Proposed in 1982, Service Design has become increasingly popular. According to the NN Group, it is the planning and organizing of a business’s resources to improve employee and customer experience. A key Service Design deliverable is the Service Blueprint. It serves designers by mapping “service interaction in enough detail to verify, implement and maintain it.”
What is a Service Blueprint?
Blueprints have long been part of disciplines, such as architecture and engineering, and are traditionally technical drawings. The blueprint has been adapted and popularized (mainly by Service Designers) to help teams visualize all the processes and touchpoints involved in the delivery of a service. In short, it:
“Displays the process functions above and below the line of visibility to the customer: all the touchpoints and the back-stage processes are documented and aligned to the user experience.”http://www.servicedesigntools.org/tools/35
Service Blueprint Structure
The blueprint is typically made up of five swimlanes (in the following order):
- The physical evidence: this is anything tangible your customer interacts with and are usually the main channels for communicating with them. Inputs include: retail shops, websites, podcasts, or social media.
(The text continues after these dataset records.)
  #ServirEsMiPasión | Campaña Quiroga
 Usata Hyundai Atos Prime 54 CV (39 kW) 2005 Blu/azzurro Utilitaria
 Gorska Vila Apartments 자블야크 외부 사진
- The customer’s actions: this is any activity your customer needs to do to engage with the service being provided. Inputs include: purchasing a product online, or scheduling an appointment.
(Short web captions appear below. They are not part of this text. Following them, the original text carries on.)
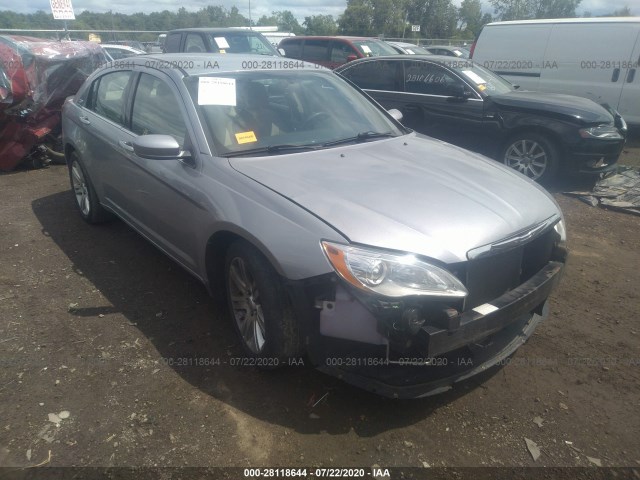 CHRYSLER 200 2013 1c3ccbabxdn735677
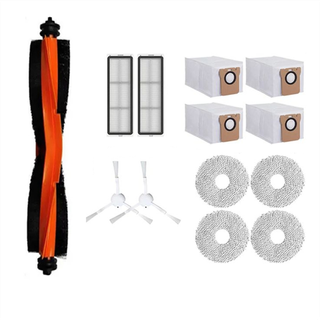 13 stk. tilbehør til X20+/X10+/X20 Plus fejemaskine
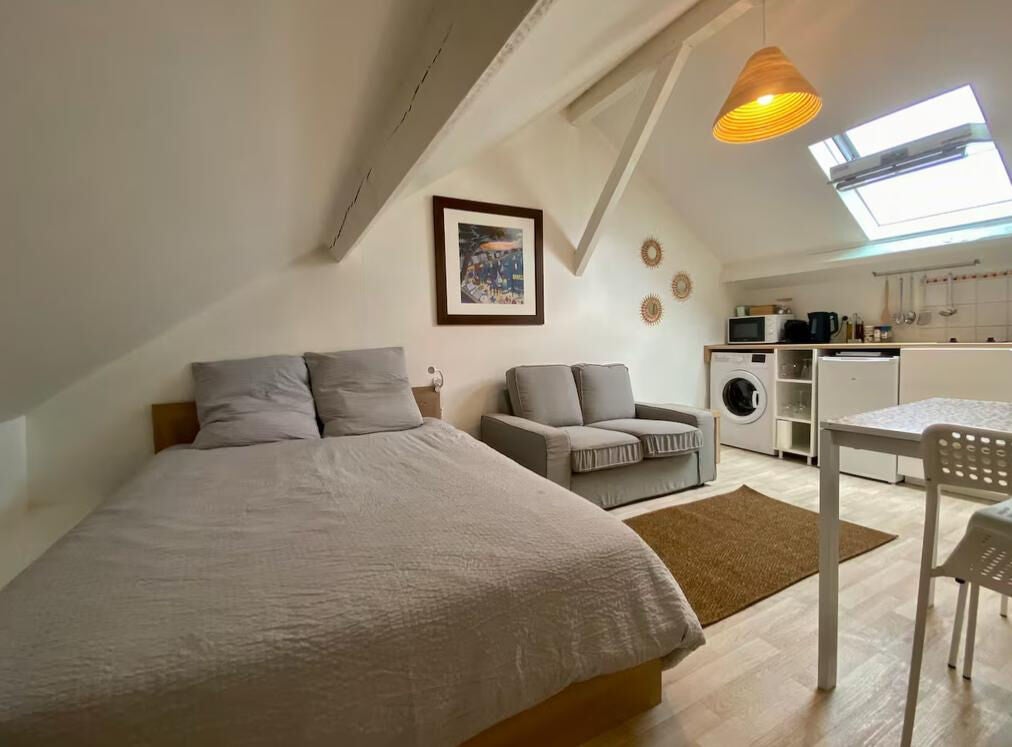 Appartement Allée Flandres Dunkerque à Saint-Jean-le-Blanc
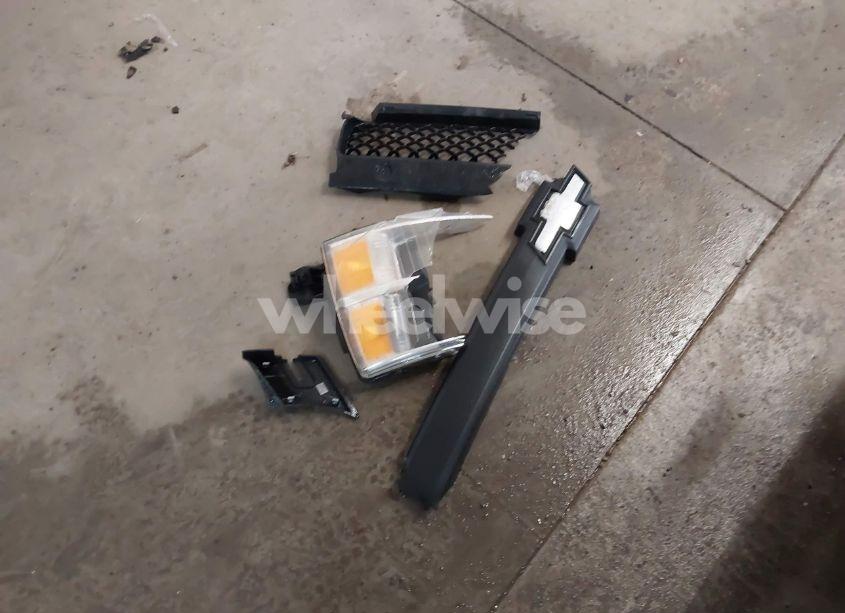 Photo 12 of 2008 Chevrolet Silverado 1500 WORK TRUCK (VIN 1GCEC14C38Z174191)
- The front stage interactions: this is anything a customer experiences from the organization once they have taken an action. Inputs include: receiving a product or speaking to customer service.
- The back stage interactions: this is any activity the customer does not experience directly, but is still required to deliver the service. Inputs include: packaging a product or writing a newsletter.
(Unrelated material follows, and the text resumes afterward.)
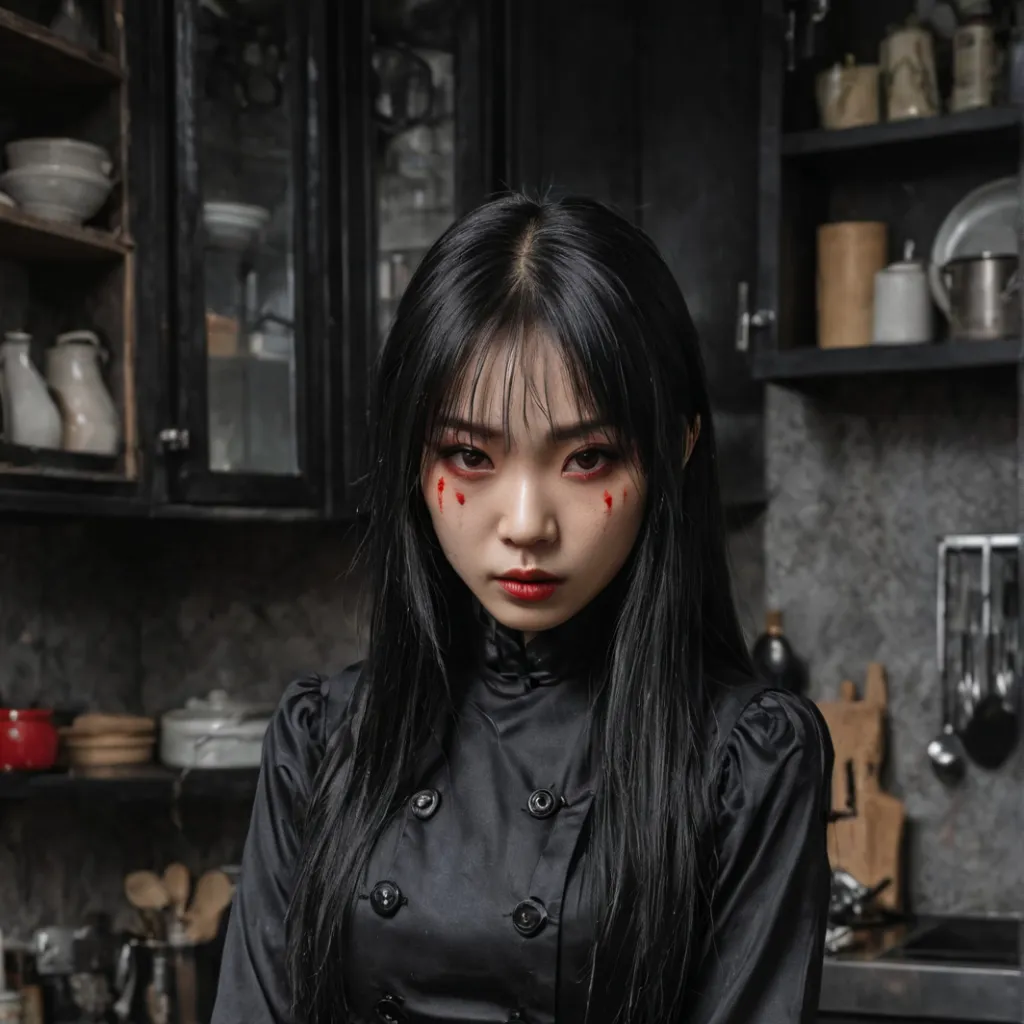 chat with ai character: Chen’s Kitchen 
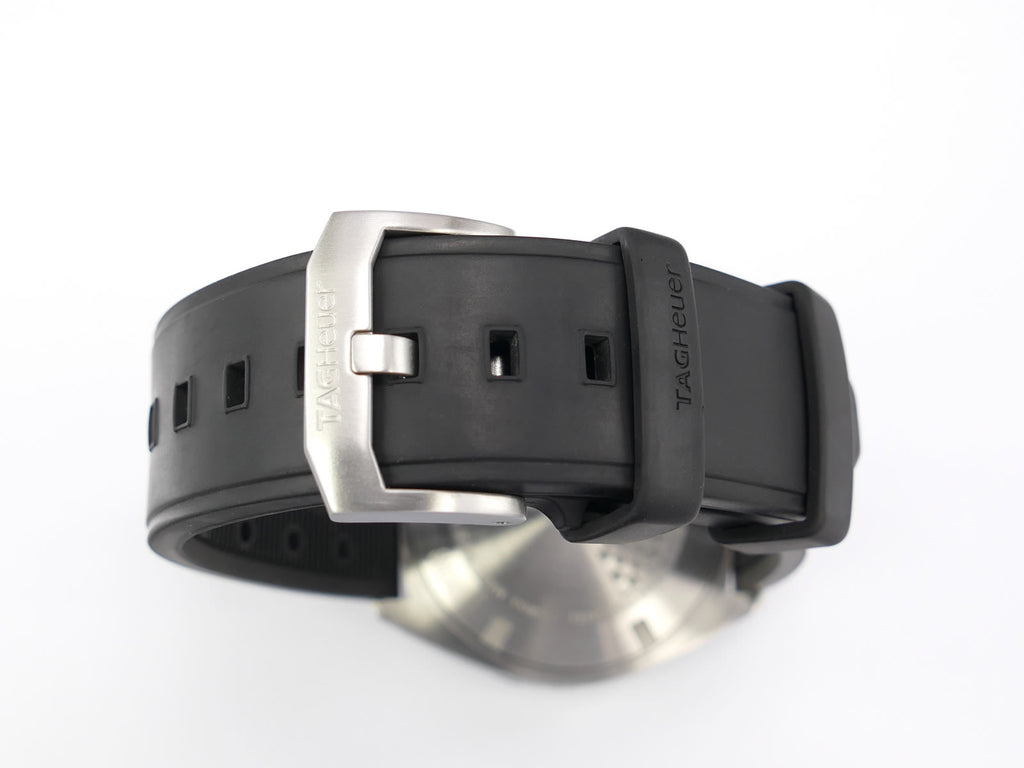 TAG Heuer Formula 1 CAZ1010.FT8024 stainless steel buckle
- Supporting actions: these are actions that support any of the prior 4 stages, usually without being experienced by the customer. Inputs include: supply chain management, recruitment or payroll.
All of these swimlanes interact across three main stages:
- The line of interaction: depicts interactions between the organization and the customer.
- The line of visibility: depicts everything the organization does that a user can see (even if they do not directly interact with it).
- The line of internal interaction: depicts interactions within the organization that the customer does not see or interact with.
When mapped together, the swimlanes and stages show the end-to-end customer journey through a service. Below is a skeleton of the structure:
One reason blueprints are popular is their flexibility. Depending on needs, the document can include more or less swimlanes to illustrate different aspects of a journey. Some additional swimlanes are:
- KPIs/internal metrics;
- Emotional journey (like a customer journey map);
Incorporating more swimlanes, a complete Service Blueprint for an appliance store would look like this:
When Should You Use It?
Service Blueprints are useful at any stage of a project, but there are particular contexts where it can provide important visibility. You should also understand whether you need a current or future state blueprint, e.g.: are you trying to better understand a current service, or do you want to ideate the future version of a service?
Contexts of Use
- For a new service/product – the blueprint can help teams quickly identifying the cross-functional impact of work that needs to be done ahead of a launch, allowing them to prioritize accordingly.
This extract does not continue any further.